§ **TRY IT**:
Where the records below reach the line containing "LOT SHERPA RICHARDSON", start transcribing, and end with the line containing "Talkdroid MSN Messenger", exactly and with nothing else added.

§ **Dataset excerpts**:
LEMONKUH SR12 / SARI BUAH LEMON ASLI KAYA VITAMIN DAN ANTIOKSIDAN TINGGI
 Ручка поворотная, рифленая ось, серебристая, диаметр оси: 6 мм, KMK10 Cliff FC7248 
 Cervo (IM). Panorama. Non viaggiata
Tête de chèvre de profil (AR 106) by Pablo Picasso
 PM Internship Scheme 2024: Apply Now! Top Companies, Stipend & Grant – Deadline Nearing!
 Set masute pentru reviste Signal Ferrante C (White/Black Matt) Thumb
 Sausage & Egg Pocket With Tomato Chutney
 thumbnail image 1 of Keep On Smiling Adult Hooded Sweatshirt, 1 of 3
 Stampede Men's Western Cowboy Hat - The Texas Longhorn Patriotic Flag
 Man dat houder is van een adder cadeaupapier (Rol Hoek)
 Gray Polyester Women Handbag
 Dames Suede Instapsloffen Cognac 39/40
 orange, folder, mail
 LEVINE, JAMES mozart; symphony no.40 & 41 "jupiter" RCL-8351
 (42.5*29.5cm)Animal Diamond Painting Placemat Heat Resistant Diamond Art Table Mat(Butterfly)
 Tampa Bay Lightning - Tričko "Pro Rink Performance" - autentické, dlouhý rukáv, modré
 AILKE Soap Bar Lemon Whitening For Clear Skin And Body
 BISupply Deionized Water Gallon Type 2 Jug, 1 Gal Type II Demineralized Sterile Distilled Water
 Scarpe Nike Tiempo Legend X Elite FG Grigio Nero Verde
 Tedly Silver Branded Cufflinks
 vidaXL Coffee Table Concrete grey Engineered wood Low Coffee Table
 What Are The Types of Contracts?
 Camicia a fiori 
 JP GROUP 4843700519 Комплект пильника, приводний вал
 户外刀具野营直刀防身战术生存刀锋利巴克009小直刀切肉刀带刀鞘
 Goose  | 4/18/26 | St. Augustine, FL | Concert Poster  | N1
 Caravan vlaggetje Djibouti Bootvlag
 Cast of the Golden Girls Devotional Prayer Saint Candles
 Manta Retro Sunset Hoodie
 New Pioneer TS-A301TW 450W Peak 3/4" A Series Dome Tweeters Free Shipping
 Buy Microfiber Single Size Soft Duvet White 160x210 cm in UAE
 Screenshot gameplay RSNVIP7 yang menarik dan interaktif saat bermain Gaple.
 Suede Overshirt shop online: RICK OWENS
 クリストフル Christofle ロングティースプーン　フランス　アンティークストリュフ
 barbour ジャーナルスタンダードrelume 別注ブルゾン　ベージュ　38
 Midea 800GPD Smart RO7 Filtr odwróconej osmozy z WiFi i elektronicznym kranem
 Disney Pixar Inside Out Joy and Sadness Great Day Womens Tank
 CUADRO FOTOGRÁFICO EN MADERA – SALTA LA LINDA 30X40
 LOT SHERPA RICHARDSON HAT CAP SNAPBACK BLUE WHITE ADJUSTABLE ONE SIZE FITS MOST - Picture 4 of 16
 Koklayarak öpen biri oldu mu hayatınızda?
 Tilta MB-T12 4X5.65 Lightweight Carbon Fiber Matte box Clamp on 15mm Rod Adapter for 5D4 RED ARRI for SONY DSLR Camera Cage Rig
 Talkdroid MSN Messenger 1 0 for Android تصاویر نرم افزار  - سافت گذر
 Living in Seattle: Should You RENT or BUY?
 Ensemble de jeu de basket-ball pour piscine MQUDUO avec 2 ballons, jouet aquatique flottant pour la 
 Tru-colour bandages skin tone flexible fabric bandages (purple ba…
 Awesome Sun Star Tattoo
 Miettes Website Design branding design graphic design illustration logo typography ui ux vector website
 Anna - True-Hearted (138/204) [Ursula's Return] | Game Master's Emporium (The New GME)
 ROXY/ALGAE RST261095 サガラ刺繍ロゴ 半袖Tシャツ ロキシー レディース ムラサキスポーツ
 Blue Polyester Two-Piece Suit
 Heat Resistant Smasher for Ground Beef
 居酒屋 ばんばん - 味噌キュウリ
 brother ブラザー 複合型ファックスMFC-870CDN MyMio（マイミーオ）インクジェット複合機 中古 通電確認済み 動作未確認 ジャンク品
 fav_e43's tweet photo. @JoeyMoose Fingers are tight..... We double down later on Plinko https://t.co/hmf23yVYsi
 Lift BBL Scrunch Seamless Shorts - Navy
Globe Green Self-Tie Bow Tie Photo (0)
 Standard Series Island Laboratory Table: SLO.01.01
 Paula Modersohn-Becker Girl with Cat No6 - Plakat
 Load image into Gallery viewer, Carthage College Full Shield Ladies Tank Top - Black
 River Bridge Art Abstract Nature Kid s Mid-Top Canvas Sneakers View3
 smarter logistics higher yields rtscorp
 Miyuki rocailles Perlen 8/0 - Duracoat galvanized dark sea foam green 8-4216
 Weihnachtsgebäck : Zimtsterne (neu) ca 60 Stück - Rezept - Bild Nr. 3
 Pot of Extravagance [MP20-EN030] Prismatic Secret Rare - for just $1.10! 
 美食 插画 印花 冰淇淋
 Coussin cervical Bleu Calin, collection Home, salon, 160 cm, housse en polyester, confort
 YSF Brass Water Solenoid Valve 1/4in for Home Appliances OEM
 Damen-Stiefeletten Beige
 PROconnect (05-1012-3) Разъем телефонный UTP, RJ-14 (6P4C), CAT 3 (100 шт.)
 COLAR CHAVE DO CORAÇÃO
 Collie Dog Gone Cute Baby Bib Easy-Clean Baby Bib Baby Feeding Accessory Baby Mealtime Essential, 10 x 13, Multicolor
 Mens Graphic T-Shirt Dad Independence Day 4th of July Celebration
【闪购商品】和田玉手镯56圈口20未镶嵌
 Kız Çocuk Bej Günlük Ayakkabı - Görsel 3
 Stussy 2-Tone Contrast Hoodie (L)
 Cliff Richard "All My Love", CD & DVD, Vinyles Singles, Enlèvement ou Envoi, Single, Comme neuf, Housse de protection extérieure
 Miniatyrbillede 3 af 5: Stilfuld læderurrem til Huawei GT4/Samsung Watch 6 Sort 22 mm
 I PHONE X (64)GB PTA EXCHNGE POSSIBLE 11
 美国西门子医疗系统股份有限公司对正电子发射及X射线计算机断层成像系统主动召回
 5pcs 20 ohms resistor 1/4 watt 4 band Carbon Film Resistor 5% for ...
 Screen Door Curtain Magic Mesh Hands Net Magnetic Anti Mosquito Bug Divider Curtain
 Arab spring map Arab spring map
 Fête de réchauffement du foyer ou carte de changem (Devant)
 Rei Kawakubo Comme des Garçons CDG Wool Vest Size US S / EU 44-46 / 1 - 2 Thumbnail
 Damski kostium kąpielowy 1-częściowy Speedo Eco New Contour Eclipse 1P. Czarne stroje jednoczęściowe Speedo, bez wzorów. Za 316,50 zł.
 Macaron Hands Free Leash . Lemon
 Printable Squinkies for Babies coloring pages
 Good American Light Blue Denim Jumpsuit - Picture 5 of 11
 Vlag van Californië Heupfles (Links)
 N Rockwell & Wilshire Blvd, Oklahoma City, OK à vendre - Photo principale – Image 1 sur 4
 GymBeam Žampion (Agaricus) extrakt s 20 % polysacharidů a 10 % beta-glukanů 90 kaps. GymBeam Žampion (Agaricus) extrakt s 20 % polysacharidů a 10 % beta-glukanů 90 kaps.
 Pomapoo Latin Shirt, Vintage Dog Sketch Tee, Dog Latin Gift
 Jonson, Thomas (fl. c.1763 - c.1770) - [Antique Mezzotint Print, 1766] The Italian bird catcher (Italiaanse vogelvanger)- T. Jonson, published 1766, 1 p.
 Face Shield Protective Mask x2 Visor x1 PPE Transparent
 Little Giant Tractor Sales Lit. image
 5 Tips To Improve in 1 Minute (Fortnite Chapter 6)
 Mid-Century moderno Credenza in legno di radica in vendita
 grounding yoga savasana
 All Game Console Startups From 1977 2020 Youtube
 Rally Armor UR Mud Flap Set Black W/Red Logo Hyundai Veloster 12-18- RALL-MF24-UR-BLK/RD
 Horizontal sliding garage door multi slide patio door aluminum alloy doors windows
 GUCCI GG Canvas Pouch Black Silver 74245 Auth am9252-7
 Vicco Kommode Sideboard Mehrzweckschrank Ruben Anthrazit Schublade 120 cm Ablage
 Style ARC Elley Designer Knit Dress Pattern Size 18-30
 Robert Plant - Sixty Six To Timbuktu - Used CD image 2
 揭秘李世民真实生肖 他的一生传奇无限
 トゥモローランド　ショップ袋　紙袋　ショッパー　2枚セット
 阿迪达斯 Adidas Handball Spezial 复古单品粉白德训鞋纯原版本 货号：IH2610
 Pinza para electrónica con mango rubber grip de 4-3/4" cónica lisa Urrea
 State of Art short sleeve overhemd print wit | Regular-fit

§ **TASK RESULT**:
 LOT SHERPA RICHARDSON HAT CAP SNAPBACK BLUE WHITE ADJUSTABLE ONE SIZE FITS MOST - Picture 4 of 16
 Koklayarak öpen biri oldu mu hayatınızda?
 Tilta MB-T12 4X5.65 Lightweight Carbon Fiber Matte box Clamp on 15mm Rod Adapter for 5D4 RED ARRI for SONY DSLR Camera Cage Rig
 Talkdroid MSN Messenger 1 0 for Android تصاویر نرم افزار  - سافت گذر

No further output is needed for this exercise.